## THE PROBLEM:
Below are the entries; return every line among them that holds the word "para".

(Excerpts from a dataset)
───

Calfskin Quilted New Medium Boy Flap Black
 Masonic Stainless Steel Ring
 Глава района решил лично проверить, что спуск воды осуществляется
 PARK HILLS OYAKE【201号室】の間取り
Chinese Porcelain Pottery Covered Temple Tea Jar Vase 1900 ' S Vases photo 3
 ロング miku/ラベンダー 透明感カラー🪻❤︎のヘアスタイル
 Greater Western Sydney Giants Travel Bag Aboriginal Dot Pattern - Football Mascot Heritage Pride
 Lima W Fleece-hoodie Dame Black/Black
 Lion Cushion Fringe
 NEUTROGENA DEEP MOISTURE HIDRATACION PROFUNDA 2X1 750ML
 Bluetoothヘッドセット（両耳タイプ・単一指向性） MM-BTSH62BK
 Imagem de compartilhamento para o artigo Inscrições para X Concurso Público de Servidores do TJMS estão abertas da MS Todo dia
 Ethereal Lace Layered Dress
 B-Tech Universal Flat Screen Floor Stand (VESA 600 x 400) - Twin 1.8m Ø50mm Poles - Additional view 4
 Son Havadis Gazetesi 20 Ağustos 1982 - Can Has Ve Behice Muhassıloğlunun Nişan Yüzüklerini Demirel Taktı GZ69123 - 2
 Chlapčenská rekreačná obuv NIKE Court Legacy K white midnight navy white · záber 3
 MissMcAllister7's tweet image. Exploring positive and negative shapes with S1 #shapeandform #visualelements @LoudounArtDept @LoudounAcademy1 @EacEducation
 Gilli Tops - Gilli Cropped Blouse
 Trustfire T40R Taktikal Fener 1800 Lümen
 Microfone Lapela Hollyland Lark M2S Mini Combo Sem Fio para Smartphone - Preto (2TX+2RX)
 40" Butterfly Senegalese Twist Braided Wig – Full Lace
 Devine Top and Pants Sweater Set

───

## RESULT FOR THIS TASK:
 Imagem de compartilhamento para o artigo Inscrições para X Concurso Público de Servidores do TJMS estão abertas da MS Todo dia
 Microfone Lapela Hollyland Lark M2S Mini Combo Sem Fio para Smartphone - Preto (2TX+2RX)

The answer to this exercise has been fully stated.